Exercise brief :: Among the entries below, one line contains "PK60OLR are the vehicle registration plates." and another contains "Mirror Stainless Steel". Transcribe those two lines and every line between them, exactly.
===== Given information =====
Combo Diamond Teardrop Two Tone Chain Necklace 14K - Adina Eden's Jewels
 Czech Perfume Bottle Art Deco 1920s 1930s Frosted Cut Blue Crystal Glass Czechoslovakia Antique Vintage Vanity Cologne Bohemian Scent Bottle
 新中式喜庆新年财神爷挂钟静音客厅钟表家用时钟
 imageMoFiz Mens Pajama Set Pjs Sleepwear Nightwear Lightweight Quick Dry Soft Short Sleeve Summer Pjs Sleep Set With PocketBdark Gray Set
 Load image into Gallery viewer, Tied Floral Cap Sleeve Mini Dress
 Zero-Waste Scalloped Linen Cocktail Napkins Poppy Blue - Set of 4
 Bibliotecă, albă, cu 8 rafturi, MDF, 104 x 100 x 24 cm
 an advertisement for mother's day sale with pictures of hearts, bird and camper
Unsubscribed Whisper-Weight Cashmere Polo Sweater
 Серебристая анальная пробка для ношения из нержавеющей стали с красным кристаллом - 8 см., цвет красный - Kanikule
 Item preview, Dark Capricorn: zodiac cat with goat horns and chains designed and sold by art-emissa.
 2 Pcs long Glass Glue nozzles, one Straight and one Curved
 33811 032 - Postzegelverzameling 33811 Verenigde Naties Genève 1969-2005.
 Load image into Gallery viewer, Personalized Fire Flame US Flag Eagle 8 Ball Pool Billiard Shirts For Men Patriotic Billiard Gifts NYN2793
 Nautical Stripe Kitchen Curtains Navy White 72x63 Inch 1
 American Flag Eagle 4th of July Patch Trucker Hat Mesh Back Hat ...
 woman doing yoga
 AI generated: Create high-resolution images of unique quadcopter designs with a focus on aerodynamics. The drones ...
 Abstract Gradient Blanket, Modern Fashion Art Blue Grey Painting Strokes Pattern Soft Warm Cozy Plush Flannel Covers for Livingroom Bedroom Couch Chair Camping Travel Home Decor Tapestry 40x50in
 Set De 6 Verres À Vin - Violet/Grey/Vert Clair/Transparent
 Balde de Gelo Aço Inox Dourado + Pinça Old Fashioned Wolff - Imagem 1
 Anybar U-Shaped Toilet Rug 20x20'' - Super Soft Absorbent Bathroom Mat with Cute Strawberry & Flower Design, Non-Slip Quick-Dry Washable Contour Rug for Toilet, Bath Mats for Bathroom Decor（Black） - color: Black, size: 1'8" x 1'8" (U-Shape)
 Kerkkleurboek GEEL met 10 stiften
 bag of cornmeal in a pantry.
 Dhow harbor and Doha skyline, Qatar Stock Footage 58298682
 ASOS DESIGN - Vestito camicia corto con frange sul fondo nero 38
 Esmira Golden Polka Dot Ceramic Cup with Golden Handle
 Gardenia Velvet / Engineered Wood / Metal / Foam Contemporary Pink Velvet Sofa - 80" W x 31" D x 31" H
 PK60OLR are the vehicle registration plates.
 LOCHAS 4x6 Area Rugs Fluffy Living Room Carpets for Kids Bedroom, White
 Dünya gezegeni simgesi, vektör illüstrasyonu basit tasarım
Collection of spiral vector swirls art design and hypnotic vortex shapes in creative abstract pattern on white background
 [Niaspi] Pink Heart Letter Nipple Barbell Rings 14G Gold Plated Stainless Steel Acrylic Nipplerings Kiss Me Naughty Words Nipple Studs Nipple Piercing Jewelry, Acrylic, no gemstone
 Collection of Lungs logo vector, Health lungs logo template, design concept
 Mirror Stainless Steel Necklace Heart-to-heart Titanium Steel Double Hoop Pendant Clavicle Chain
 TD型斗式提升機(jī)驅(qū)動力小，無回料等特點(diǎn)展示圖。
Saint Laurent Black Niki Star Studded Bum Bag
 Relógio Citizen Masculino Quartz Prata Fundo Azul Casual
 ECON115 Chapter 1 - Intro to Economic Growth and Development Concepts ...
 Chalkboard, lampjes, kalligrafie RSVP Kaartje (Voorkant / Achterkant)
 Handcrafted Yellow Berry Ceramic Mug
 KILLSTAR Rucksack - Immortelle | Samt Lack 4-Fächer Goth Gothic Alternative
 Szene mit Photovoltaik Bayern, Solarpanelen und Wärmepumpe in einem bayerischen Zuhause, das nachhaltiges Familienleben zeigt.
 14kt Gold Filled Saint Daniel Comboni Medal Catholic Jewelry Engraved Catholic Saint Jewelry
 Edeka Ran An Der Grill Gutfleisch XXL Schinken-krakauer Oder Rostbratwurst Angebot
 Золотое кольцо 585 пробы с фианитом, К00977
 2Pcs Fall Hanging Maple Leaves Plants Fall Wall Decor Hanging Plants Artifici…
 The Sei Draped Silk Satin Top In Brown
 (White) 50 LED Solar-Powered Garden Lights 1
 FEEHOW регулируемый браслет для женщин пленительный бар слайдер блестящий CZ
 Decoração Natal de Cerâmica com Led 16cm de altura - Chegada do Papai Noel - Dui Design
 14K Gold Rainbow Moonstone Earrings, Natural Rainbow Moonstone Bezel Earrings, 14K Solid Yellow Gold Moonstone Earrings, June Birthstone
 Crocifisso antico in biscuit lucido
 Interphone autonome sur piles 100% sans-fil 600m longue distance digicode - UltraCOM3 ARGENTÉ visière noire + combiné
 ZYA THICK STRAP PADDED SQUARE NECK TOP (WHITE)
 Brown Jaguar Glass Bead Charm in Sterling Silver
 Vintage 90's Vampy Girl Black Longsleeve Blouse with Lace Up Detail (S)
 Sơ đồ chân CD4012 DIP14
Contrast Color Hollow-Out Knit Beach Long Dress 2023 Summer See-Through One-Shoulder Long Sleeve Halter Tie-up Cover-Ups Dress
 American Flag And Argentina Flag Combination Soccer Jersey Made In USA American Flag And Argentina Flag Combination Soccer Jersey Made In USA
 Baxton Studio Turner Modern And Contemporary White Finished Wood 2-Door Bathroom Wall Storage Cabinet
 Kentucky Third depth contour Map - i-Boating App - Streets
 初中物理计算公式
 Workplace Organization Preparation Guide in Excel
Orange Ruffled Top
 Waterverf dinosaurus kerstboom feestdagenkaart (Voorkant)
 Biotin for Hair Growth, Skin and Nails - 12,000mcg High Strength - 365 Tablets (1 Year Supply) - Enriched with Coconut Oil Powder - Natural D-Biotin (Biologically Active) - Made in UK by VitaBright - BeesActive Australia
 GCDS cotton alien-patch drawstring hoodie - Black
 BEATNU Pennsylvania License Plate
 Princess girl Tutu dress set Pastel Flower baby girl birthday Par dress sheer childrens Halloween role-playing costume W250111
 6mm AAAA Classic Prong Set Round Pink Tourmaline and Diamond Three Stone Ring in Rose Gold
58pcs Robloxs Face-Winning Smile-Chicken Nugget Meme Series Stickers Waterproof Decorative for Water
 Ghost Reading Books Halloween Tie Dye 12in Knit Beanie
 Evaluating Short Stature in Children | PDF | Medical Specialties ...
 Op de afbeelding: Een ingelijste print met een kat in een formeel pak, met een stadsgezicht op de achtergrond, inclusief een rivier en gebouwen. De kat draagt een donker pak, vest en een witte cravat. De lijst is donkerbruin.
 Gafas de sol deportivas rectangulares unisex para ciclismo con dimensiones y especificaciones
=====
Task output ::
 PK60OLR are the vehicle registration plates.
 LOCHAS 4x6 Area Rugs Fluffy Living Room Carpets for Kids Bedroom, White
 Dünya gezegeni simgesi, vektör illüstrasyonu basit tasarım
Collection of spiral vector swirls art design and hypnotic vortex shapes in creative abstract pattern on white background
 [Niaspi] Pink Heart Letter Nipple Barbell Rings 14G Gold Plated Stainless Steel Acrylic Nipplerings Kiss Me Naughty Words Nipple Studs Nipple Piercing Jewelry, Acrylic, no gemstone
 Collection of Lungs logo vector, Health lungs logo template, design concept
 Mirror Stainless Steel Necklace Heart-to-heart Titanium Steel Double Hoop Pendant Clavicle Chain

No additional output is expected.